Jason Gunthorpe Dec. 5, 2023, 12:11 a.m. UTC | #1
On Thu, Nov 09, 2023 at 02:44:45PM +0900, Daisuke Matsuda wrote:
> 
> Daisuke Matsuda (7):
>   RDMA/rxe: Always defer tasks on responder and completer to workqueue
>   RDMA/rxe: Make MR functions accessible from other rxe source code
>   RDMA/rxe: Move resp_states definition to rxe_verbs.h
>   RDMA/rxe: Add page invalidation support
>   RDMA/rxe: Allow registering MRs for On-Demand Paging
>   RDMA/rxe: Add support for Send/Recv/Write/Read with ODP
>   RDMA/rxe: Add support for the traditional Atomic operations with ODP

What is the current situation with rxe? I don't recall seeing the bugs
that were reported get fixed?

I'm reluctant to dig a deeper hold until it is done?

Thanks,
Jason
Zhu Yanjun Dec. 5, 2023, 1:50 a.m. UTC | #2
在 2023/12/5 8:11, Jason Gunthorpe 写道:
> On Thu, Nov 09, 2023 at 02:44:45PM +0900, Daisuke Matsuda wrote:
>>
>> Daisuke Matsuda (7):
>>    RDMA/rxe: Always defer tasks on responder and completer to workqueue
>>    RDMA/rxe: Make MR functions accessible from other rxe source code
>>    RDMA/rxe: Move resp_states definition to rxe_verbs.h
>>    RDMA/rxe: Add page invalidation support
>>    RDMA/rxe: Allow registering MRs for On-Demand Paging
>>    RDMA/rxe: Add support for Send/Recv/Write/Read with ODP
>>    RDMA/rxe: Add support for the traditional Atomic operations with ODP
> 
> What is the current situation with rxe?
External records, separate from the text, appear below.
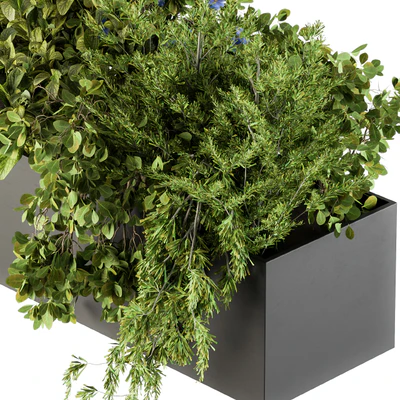Outdoor Plant Set 208 - Plant Box Blue Flower — Ver 5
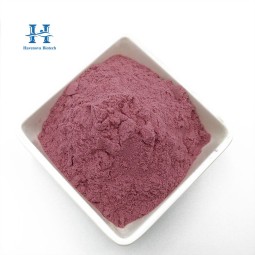 Dragon Fruit Powder Manufacturer - Red Dragon Fruit Bulk Pink Pitaya Powder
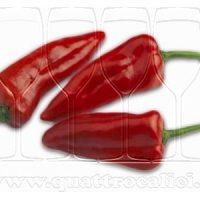 Peperone di Pontecorvo DOP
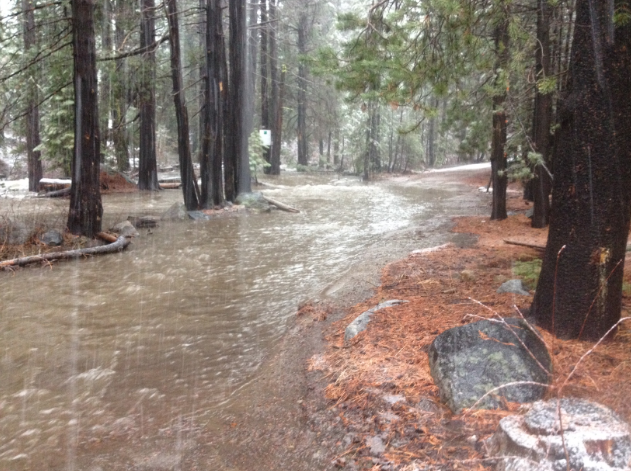 FLOODING IN TRUCKEE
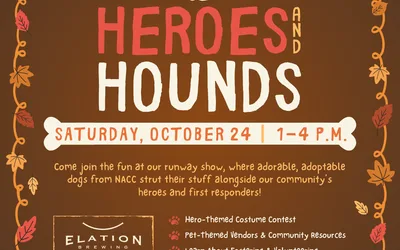 Heroes and Hounds at Elation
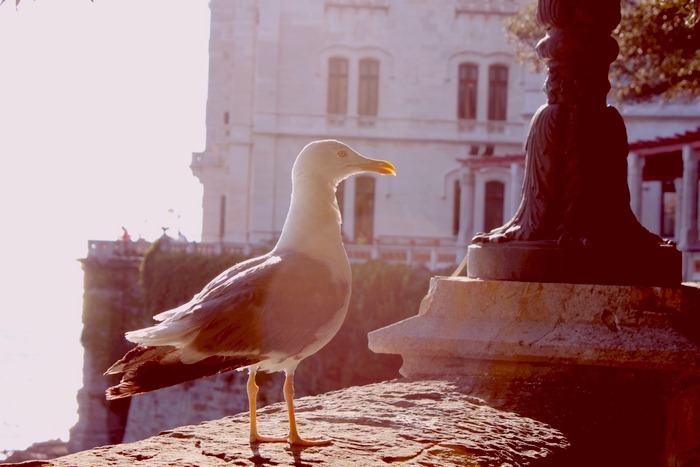[seagul%255B2%255D.jpg]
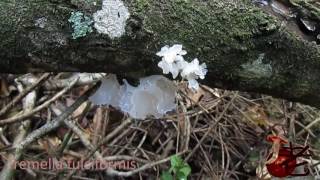 Tremella fulciformis White jelly fungus [upl. by Giavani]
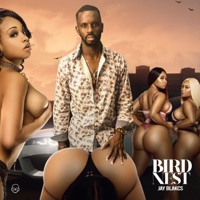 Birdnest - Single - Jay Blakcs
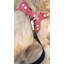 Tavion Codura Pet Bed-226249212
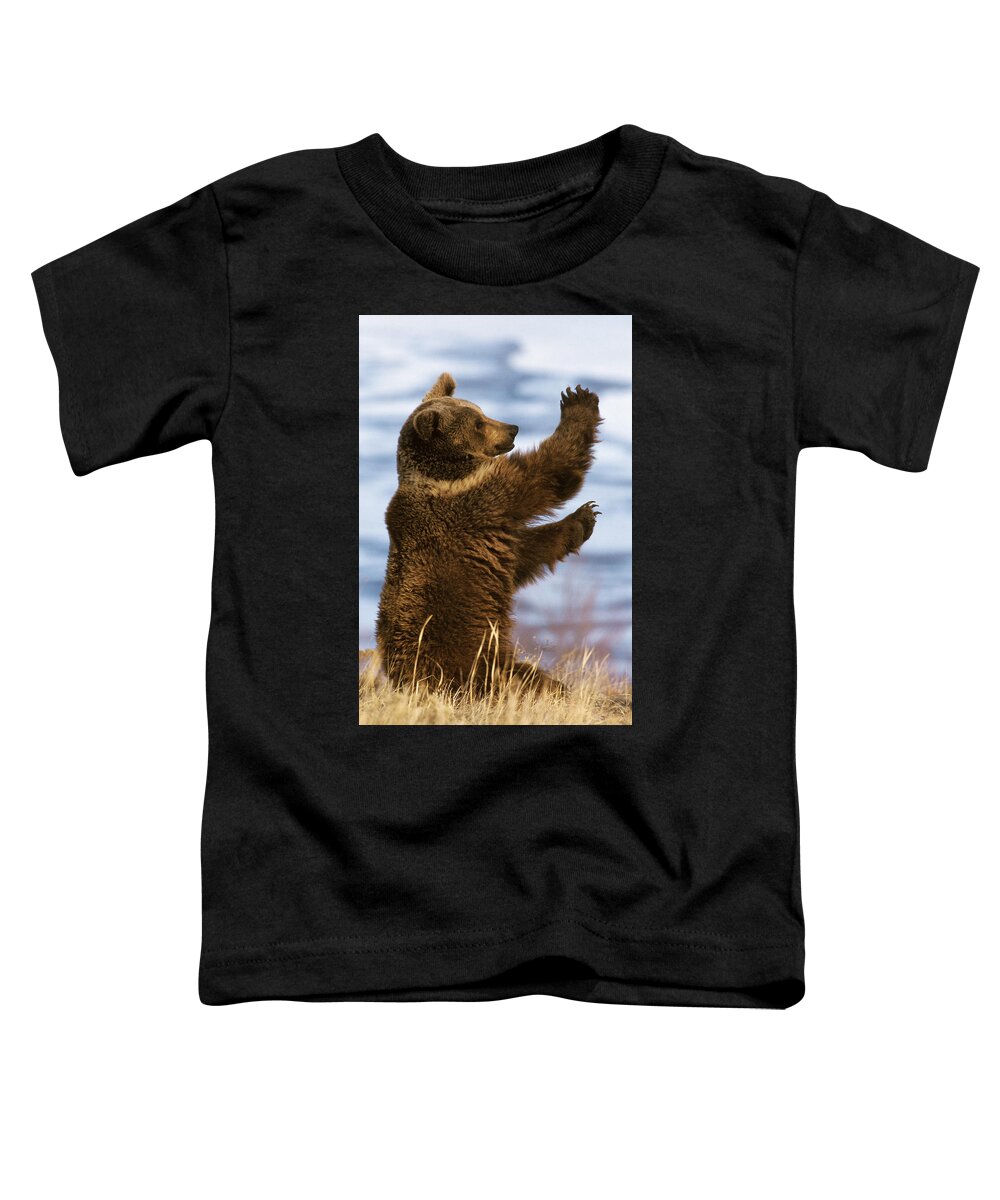 Mp Toddler T-Shirt featuring the photograph Grizzly Bear Ursus Arctos Horribilis by Konrad Wothe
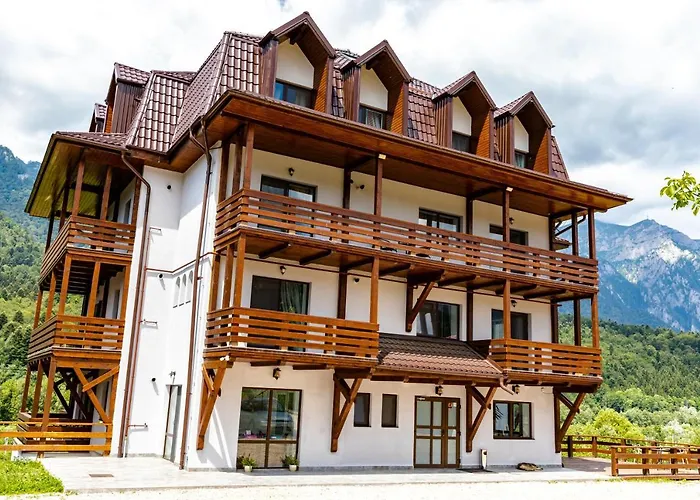 Yael Luxury Apartments 3 Busteni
I don't recall seeing the bugs
> that were reported get fixed?

Exactly. A problem is reported in the link 
https://www.spinics.net/lists/linux-rdma/msg120947.html

It seems that a variable 'entry' set but not used 
[-Wunused-but-set-variable]

And ODP is an important feature. Should we suggest to add a test case 
about this ODP in rdma-core to verify this ODP feature?

Zhu Yanjun

> 
> I'm reluctant to dig a deeper hold until it is done?
> 
> Thanks,
> Jason
Daisuke Matsuda (Fujitsu) Dec. 7, 2023, 6:37 a.m. UTC | #3
On Tue, Dec 5, 2023 10:51 AM Zhu Yanjun wrote:
> 
> 在 2023/12/5 8:11, Jason Gunthorpe 写道:
> > On Thu, Nov 09, 2023 at 02:44:45PM +0900, Daisuke Matsuda wrote:
> >>
> >> Daisuke Matsuda (7):
> >>    RDMA/rxe: Always defer tasks on responder and completer to workqueue
> >>    RDMA/rxe: Make MR functions accessible from other rxe source code
> >>    RDMA/rxe: Move resp_states definition to rxe_verbs.h
> >>    RDMA/rxe: Add page invalidation support
> >>    RDMA/rxe: Allow registering MRs for On-Demand Paging
> >>    RDMA/rxe: Add support for Send/Recv/Write/Read with ODP
> >>    RDMA/rxe: Add support for the traditional Atomic operations with ODP
> >
> > What is the current situation with rxe? I don't recall seeing the bugs
> > that were reported get fixed?

Well, I suppose Jason is mentioning "blktests srp/002 hang".
cf. https://lore.kernel.org/linux-rdma/dsg6rd66tyiei32zaxs6ddv5ebefr5vtxjwz6d2ewqrcwisogl@ge7jzan7dg5u/T/

It is likely to be a timing issue. Bob reported that "siw hangs with the debug kernel",
so the hang looks not specific to rxe.
cf. https://lore.kernel.org/all/53ede78a-f73d-44cd-a555-f8ff36bd9c55@acm.org/T/
I think we need to decide whether to continue to block patches to rxe since nobody has successfully fixed the issue.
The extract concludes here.